Thursday, March 30, 2017

Called to Be Participants, Not Spectators

What would you think of football players that go to all the team meetings, take part in every practice, even suit up on game day and engage in the pregame warmups, but sit on the sidelines eating snack cakes and refuse to get into the game?

How about an aspiring sales executive who goes through weeks of sales training, gets her sales kit and spends many hours familiarizing herself with the presentation, follows guidelines to “dress for success” (as the best-selling book of years past suggested), but never makes a sales call?

Sounds silly, right? Why bother making the preparations, obtaining the necessary equipment and putting on the best possible appearance, only to remain a spectator while others become actively engage in the work to be done?

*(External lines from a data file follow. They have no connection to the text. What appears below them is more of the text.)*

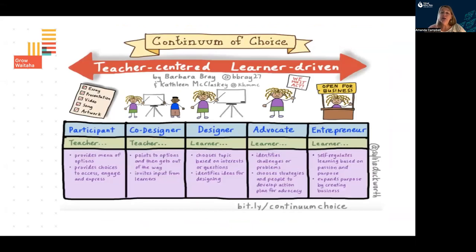So this is a continuum of choice. This is around how much agency you give your children within this Digi Award process and telling the story. At the far end there you see a very teacher-centered, teacher-directed role, and on the other side we have a very learner-driven approach — so a greater chance of engagement when you're using the advocate and entrepreneur stages of this continuum.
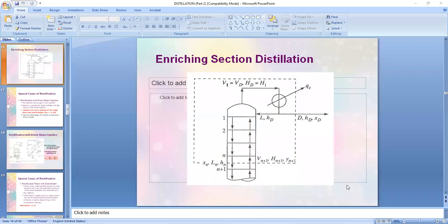This slide covers enriching section distillation, the second type under the special cases of rectification. Last meeting we discussed stripping section distillation. Can someone distinguish one particular characteristic that separates enriching section distillation from stripping section distillation, just as a simple recall of the two processes both under the special cases of rectification?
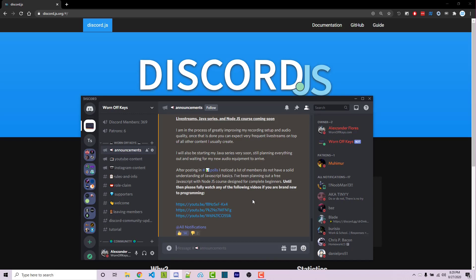This is even true if you only want to make Discord bots and you do not care about learning any type of other software development. You still need to know the basics of JavaScript to be able to use Discord.js.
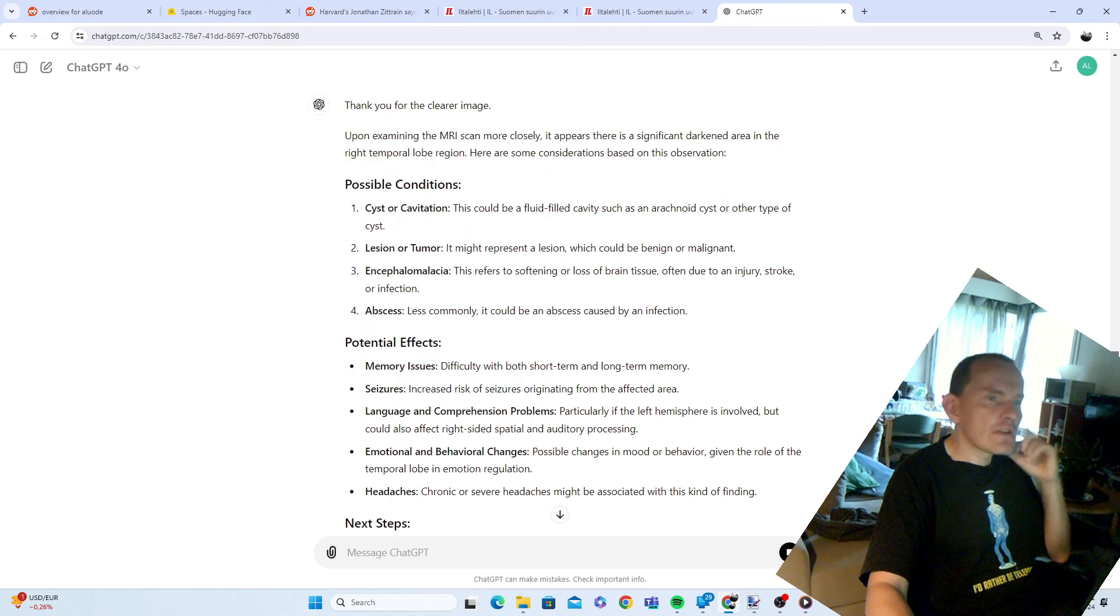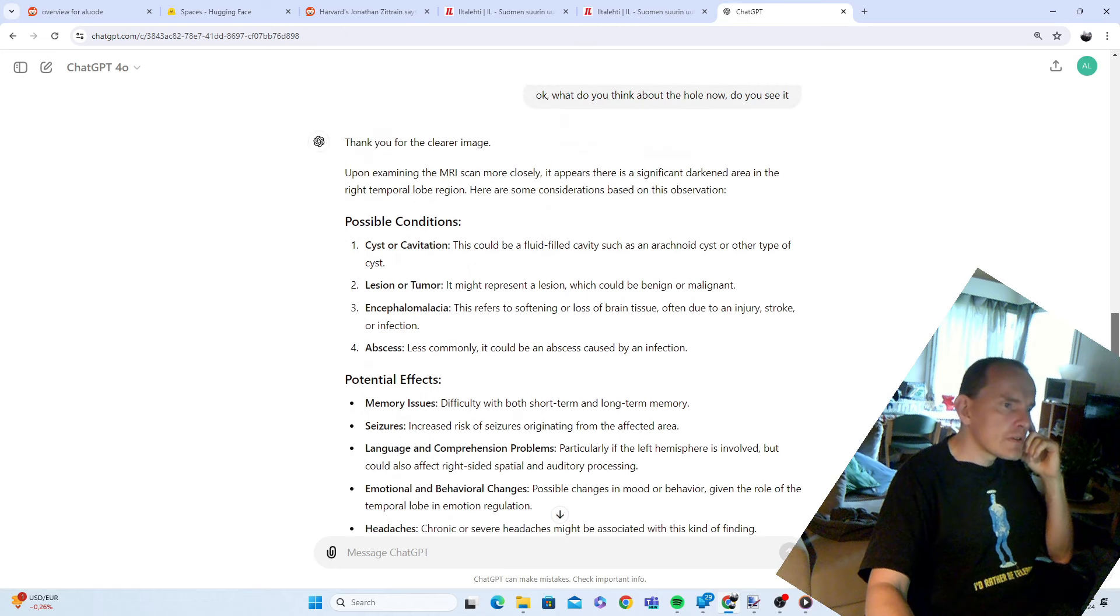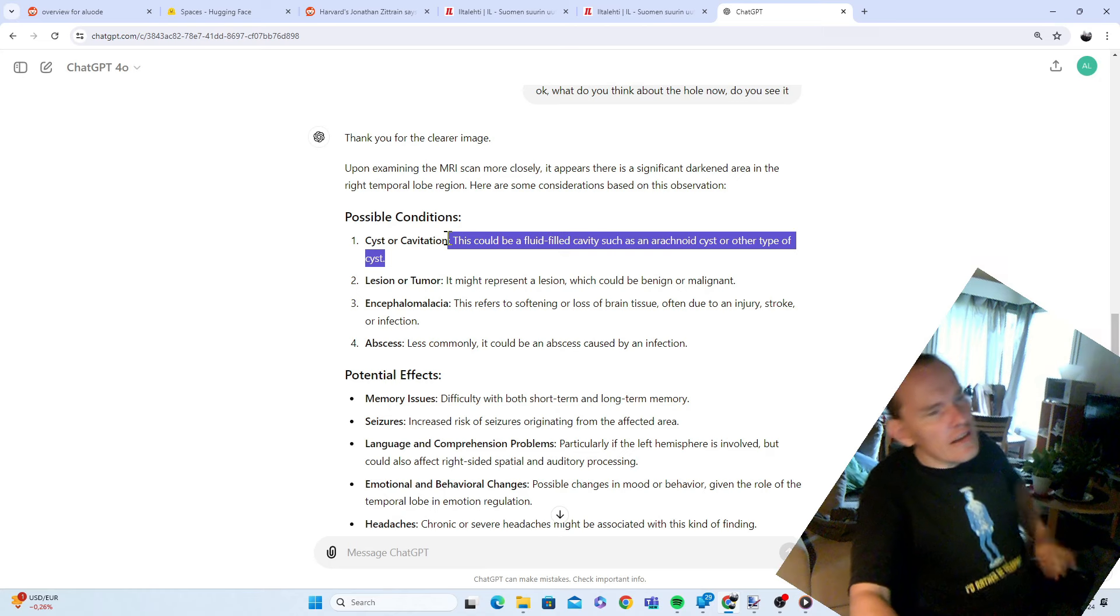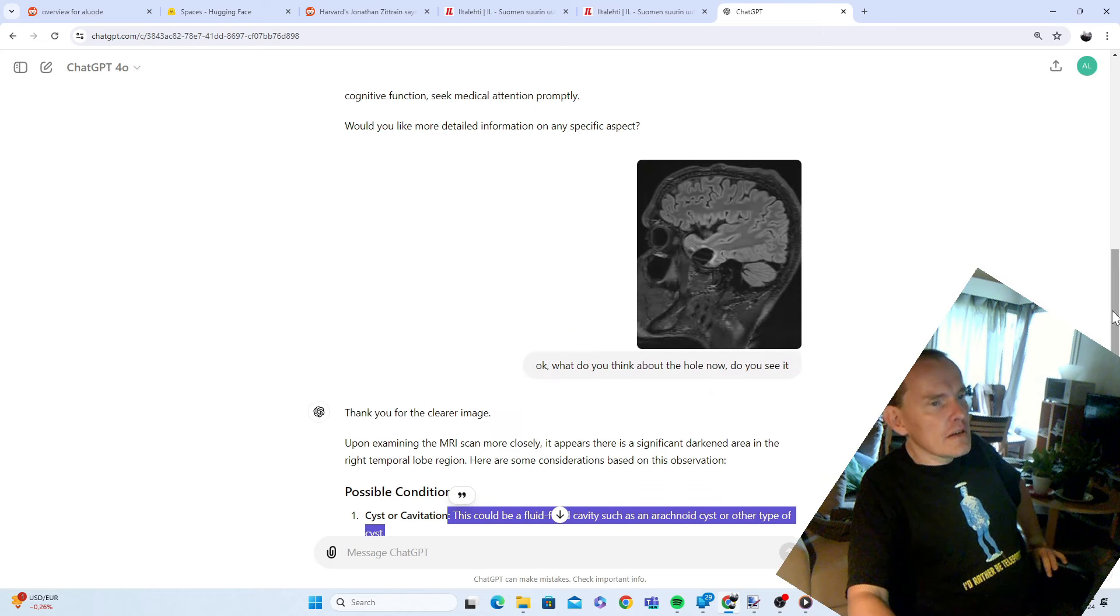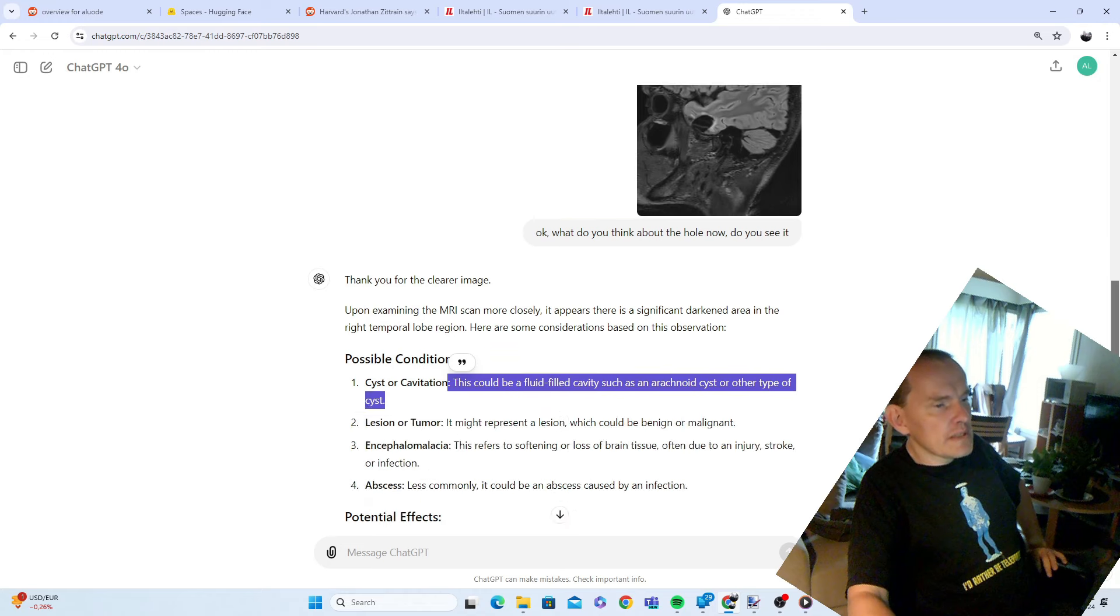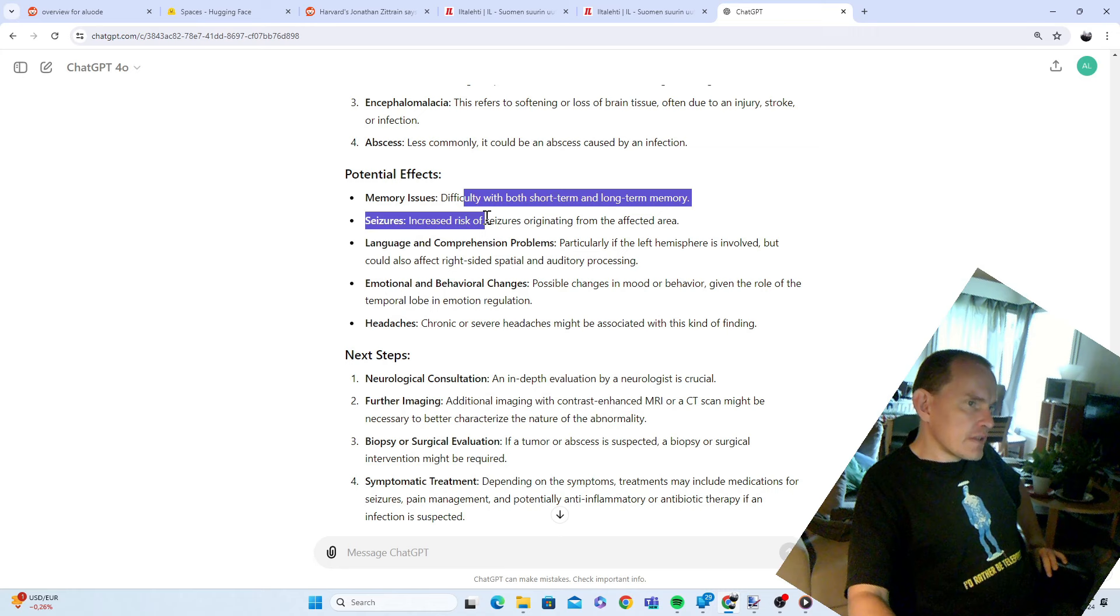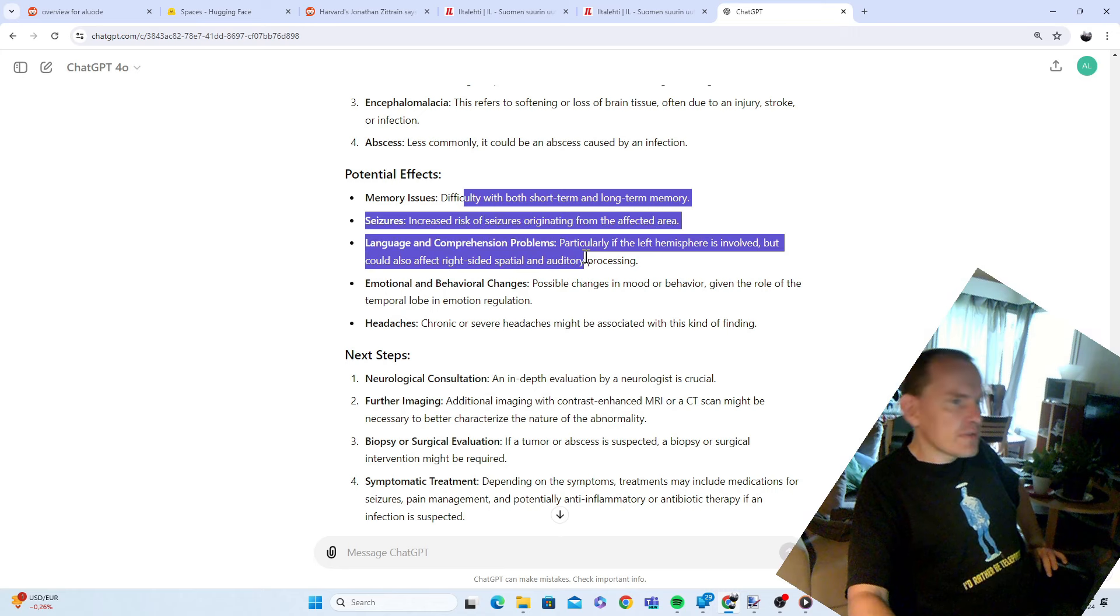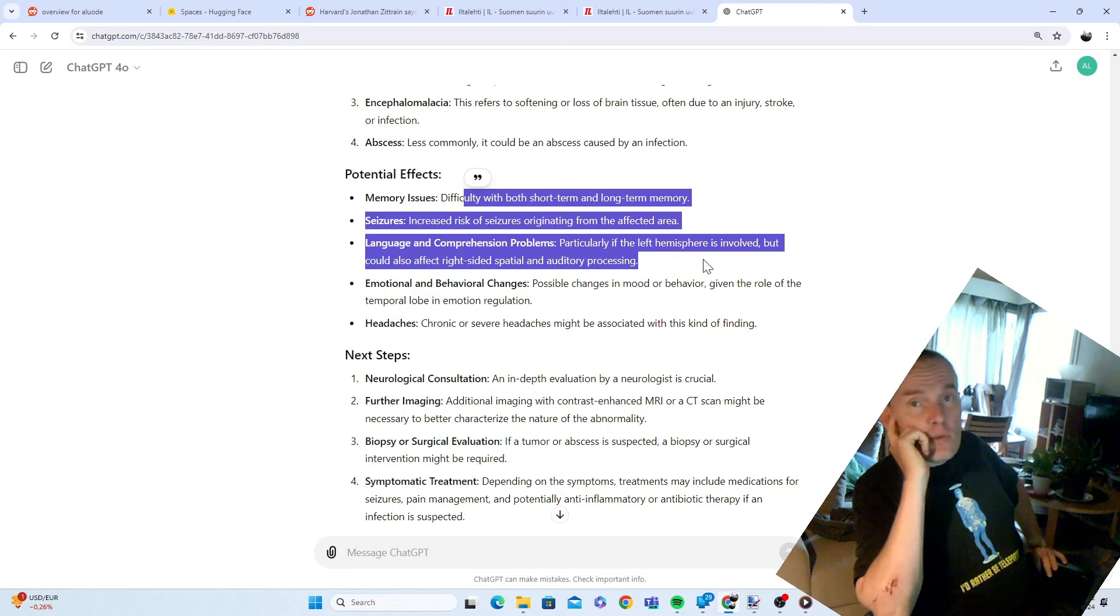There is a significant darkened area in the right temporal lobe. This could be a fluid filled cavity, which is what it is because there was an operation to remove it. Effects could be memory issues, difficulty with both short-term memory and long-term memory, seizures, increased risk of seizures originating from the area, language and comprehension problems.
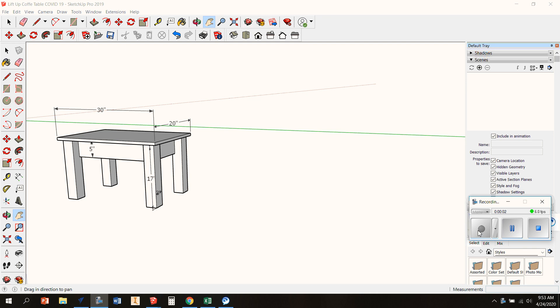Today we're looking at building the lift up top coffee table. You can see on the screen right here I've got one that I've just roughed out. There are some dimensions that are really important and there are some dimensions that you're going to want to check wherever it's going to go in your house to make sure that it's going to fit and work for you.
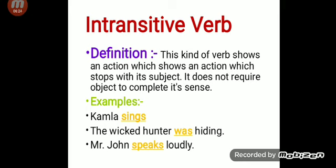'Mr. John speaks loudly.' Here also there is no need of any object to complete its sense. So this is all about verbs. Thank you.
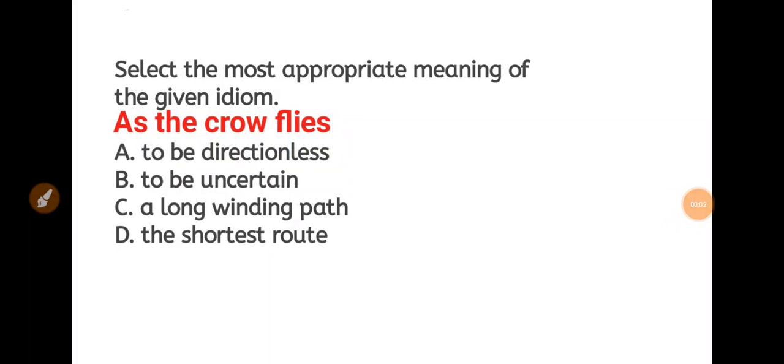Welcome to Exams Packs channel. In English, SSC, CGL as well as CHSL out of previous questions model. First, idioms.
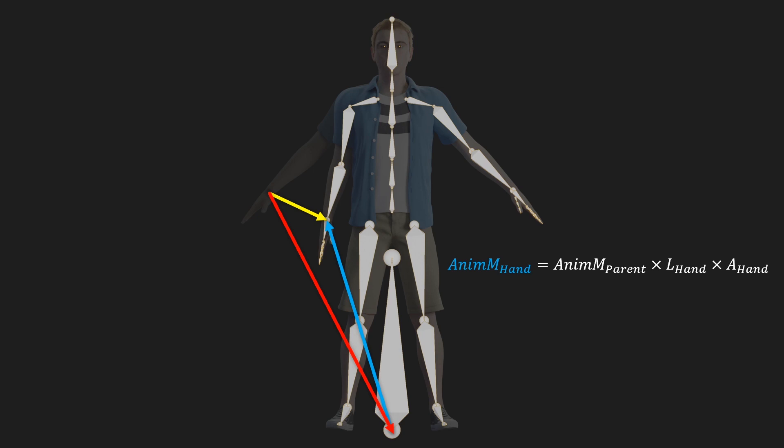This animation matrix changes every single frame, so the model moves, and it was of course relative to the parent bone in its untransformed position. Then from this we can calculate the final matrix by multiplying the animated model matrix of the hand with the original inverse model matrix of the hand. And now it's this final matrix that describes how to go from the original untransformed bone's transformation to the animated or transformed bone transformation.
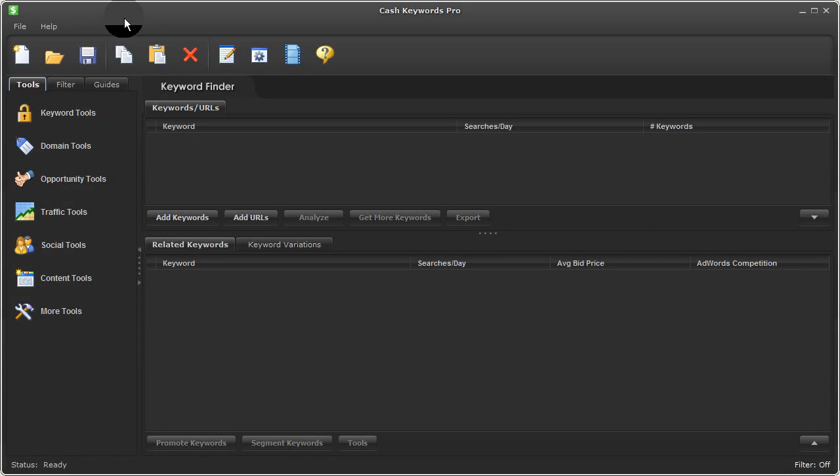Alright, in this video I'll show you how to use the Facebook Ads Keyword Tool within Cash Keywords Pro.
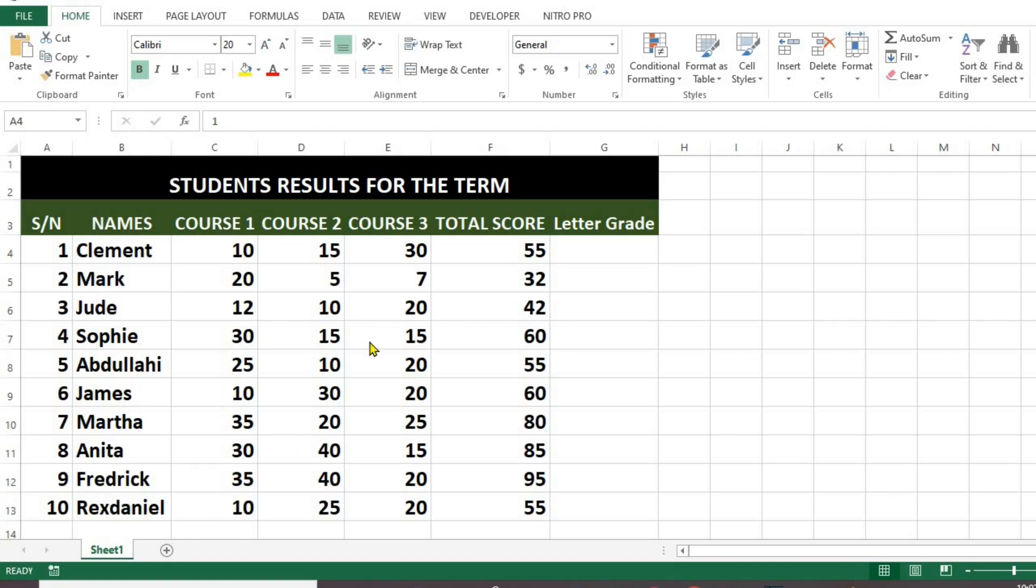We want to use the IF formula to give either pass or fail based on the total score. Any score greater than or equal to 50% is pass. Anything below 50% is fail.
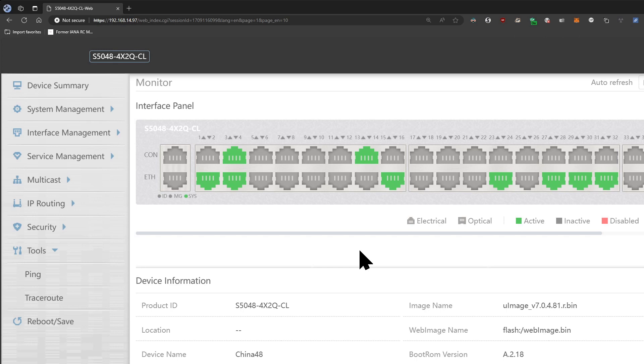So yeah, I recommend it if you feel the need to upgrade to 2.5 gigs. So yeah, signing off guys, thank you.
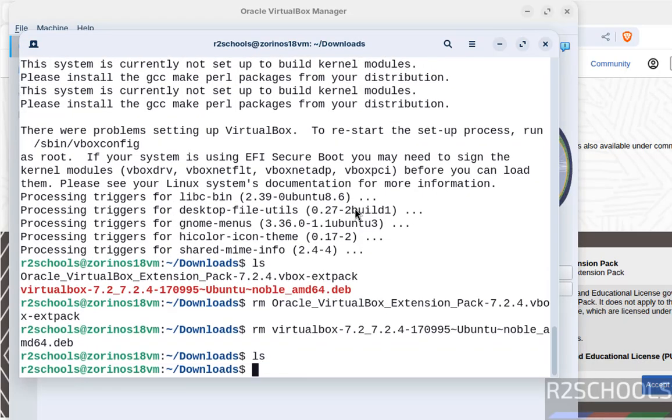So in this video, we have seen how to install VirtualBox 7.2.4 and its Extension Pack on Zorin OS 18. For more tutorials, please subscribe to my channel. Thank you.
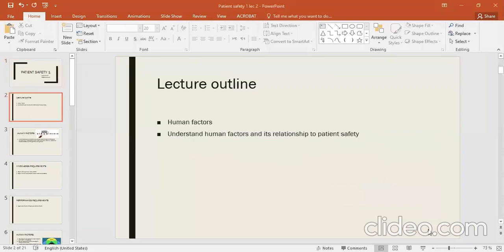This lecture is related to which human factors can affect human safety or patient safety. We will cover all the factors that we need to be aware of regarding human factors and patient safety, and what is the relationship between human factors and patient safety.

Too many of us are sitting along the
sidelines watching, when we should
be getting into the game.
Yet these could describe many who would classify themselves as followers of Jesus Christ. They show up every time the church doors are opened and attend every special meeting. They sing and sway to the music, sometimes raising their hands, attend Sunday school classes, and know the prescribed jargon. “God is good” and “praise the Lord” are phrases they often express.

Sadly, there’s a disconnect. The folks they are inside the “stained-glass aquarium” look surprisingly little like the persons they are outside the church doors. I know, because I was once among them.

I’d take part in various church functions, walk and talk the proper way in those surroundings. I even held leadership positions within the congregation. But I barely knew this Jesus I claimed to believe in. Outside the church environment, I didn’t look, speak or think much differently from my unchurched friends and coworkers. I acted as if God were confined to the church building and had no idea what I did when I wasn’t there.

Only later did I discover the difference between belief and faith. We see the distinction described in the New Testament book of James. It cautions, You believe that there is one God. Good! Even the demons believe that – and shudder” (James 2:19). But we won’t be seeing demons in heaven.

True faith, the Bible tells us, can’t be divorced from action. The same book offers this warning: “Do not merely listen to the word, and so deceive yourselves. Do what it says. Anyone who listens to the word but does not do what it says is like a man who looks at his face in a mirror and, after looking at himself, goes away and immediately forgets what he looks like. But the man who looks intently into the perfect law that gives freedom, and continues to do this, not forgetting what he has heard, but doing it – he will be blessed in what he does” (James 1:22-25).

This doesn’t mean we’re saved or made right with God by what we do. The Scriptures are clear on this: “For it is by grace you have been saved, through faith – and this not from yourselves, it is the gift of God – not by works…” (Ephesians 2:8-9). Titus 3:5 confirms this, noting, “he saved us, not because of righteous things we had done, but because of his mercy….”

So why is it important to be participants in God’s eternal mission, and not just spectators cheering on those that are “in the game”? Because the Bible clearly declares being a Christ follower is not a spectator sport. “For we are God’s workmanship, created in Christ Jesus to do good works, which God prepared in advance for us to do” (Ephesians 2:10). Being casual observers is not an option.

Then what are these “good works”? They start with the two greatest commandments that Jesus summarized – loving the Lord our God with all our heart and soul, mind and strength and our neighbor as ourselves (Mark 12:30-31). But this involves a lot of things, from being kind and compassionate toward those in need to engaging in the last command Jesus gave before His ascension:
“Therefore go and make disciples of all nations…teaching them to obey everything I have commanded you” (Matthew 28:19-20).

Some might respond, “Well, my faith is personal.” To an extent that’s true, but we’re also charged to share our faith with others so it can become personal for them as well. If Jesus and His gospel message are indeed Good News, as He said it is, we have no right to keep it to ourselves. We need to get off the sidelines and into the game – one with eternal consequences and rewards.